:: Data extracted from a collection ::
------

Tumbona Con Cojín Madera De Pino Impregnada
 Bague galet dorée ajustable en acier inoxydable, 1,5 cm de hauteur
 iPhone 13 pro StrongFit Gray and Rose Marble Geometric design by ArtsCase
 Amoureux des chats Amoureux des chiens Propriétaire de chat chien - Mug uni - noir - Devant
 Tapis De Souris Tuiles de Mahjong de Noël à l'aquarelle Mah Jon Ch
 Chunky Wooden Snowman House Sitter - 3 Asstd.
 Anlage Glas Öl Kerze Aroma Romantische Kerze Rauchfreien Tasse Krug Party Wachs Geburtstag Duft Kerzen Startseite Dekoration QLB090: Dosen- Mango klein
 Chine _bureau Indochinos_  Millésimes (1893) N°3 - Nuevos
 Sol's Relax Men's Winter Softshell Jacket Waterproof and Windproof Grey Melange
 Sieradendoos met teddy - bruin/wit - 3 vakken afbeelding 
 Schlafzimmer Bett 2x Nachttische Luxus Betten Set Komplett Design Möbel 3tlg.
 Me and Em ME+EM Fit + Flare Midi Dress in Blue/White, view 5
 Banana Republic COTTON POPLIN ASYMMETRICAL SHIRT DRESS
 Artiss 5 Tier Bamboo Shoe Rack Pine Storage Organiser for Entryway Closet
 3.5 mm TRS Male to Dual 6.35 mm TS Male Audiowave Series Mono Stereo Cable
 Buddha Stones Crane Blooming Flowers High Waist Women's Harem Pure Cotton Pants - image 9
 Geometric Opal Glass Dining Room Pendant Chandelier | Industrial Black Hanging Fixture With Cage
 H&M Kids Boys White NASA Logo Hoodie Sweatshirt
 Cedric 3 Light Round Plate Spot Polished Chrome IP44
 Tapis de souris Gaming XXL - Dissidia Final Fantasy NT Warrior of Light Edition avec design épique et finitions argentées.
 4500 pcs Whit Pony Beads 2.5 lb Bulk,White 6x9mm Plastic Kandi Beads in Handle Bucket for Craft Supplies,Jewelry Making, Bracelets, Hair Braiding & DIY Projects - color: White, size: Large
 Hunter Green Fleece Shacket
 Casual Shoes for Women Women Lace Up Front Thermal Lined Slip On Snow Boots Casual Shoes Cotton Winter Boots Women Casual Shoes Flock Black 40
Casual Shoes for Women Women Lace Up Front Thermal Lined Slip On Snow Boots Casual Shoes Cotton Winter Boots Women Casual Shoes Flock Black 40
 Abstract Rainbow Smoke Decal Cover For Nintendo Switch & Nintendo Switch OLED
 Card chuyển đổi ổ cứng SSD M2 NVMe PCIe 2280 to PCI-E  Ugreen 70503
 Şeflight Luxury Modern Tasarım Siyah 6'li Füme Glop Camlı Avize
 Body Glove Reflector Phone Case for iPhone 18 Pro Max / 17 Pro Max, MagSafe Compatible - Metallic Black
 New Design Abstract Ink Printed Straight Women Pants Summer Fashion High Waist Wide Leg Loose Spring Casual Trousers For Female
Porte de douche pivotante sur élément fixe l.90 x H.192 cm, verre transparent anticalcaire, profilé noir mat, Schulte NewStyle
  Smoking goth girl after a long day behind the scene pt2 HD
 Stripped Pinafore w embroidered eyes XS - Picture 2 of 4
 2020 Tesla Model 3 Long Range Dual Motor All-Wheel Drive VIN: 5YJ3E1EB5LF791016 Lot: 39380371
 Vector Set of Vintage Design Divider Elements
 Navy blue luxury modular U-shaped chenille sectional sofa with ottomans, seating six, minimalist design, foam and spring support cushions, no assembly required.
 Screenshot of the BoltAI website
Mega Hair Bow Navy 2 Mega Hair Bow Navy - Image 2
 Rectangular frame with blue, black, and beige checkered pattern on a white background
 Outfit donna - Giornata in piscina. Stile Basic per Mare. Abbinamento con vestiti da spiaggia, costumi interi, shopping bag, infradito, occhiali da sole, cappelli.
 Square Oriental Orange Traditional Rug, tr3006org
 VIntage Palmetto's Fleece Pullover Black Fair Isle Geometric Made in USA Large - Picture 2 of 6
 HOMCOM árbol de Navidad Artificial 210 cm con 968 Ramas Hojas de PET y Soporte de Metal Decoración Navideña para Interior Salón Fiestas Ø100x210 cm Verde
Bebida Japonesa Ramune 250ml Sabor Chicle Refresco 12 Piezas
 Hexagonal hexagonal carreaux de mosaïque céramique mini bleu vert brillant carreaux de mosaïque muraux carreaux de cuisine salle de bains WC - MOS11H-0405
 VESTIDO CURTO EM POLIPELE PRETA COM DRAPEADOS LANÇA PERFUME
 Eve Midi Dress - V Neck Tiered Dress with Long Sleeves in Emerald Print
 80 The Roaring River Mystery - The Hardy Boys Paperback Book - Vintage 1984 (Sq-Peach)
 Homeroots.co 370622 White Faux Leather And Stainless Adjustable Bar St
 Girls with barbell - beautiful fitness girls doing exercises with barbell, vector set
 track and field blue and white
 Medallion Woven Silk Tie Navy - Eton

------

:: WORK INSTRUCTIONS ::
Reproduce the records above exactly, starting with the line that contains "Rectangular frame with" and ending with the last line.

:: ANSWER TO THE EXERCISE ::
 Rectangular frame with blue, black, and beige checkered pattern on a white background
 Outfit donna - Giornata in piscina. Stile Basic per Mare. Abbinamento con vestiti da spiaggia, costumi interi, shopping bag, infradito, occhiali da sole, cappelli.
 Square Oriental Orange Traditional Rug, tr3006org
 VIntage Palmetto's Fleece Pullover Black Fair Isle Geometric Made in USA Large - Picture 2 of 6
 HOMCOM árbol de Navidad Artificial 210 cm con 968 Ramas Hojas de PET y Soporte de Metal Decoración Navideña para Interior Salón Fiestas Ø100x210 cm Verde
Bebida Japonesa Ramune 250ml Sabor Chicle Refresco 12 Piezas
 Hexagonal hexagonal carreaux de mosaïque céramique mini bleu vert brillant carreaux de mosaïque muraux carreaux de cuisine salle de bains WC - MOS11H-0405
 VESTIDO CURTO EM POLIPELE PRETA COM DRAPEADOS LANÇA PERFUME
 Eve Midi Dress - V Neck Tiered Dress with Long Sleeves in Emerald Print
 80 The Roaring River Mystery - The Hardy Boys Paperback Book - Vintage 1984 (Sq-Peach)
 Homeroots.co 370622 White Faux Leather And Stainless Adjustable Bar St
 Girls with barbell - beautiful fitness girls doing exercises with barbell, vector set
 track and field blue and white
 Medallion Woven Silk Tie Navy - Eton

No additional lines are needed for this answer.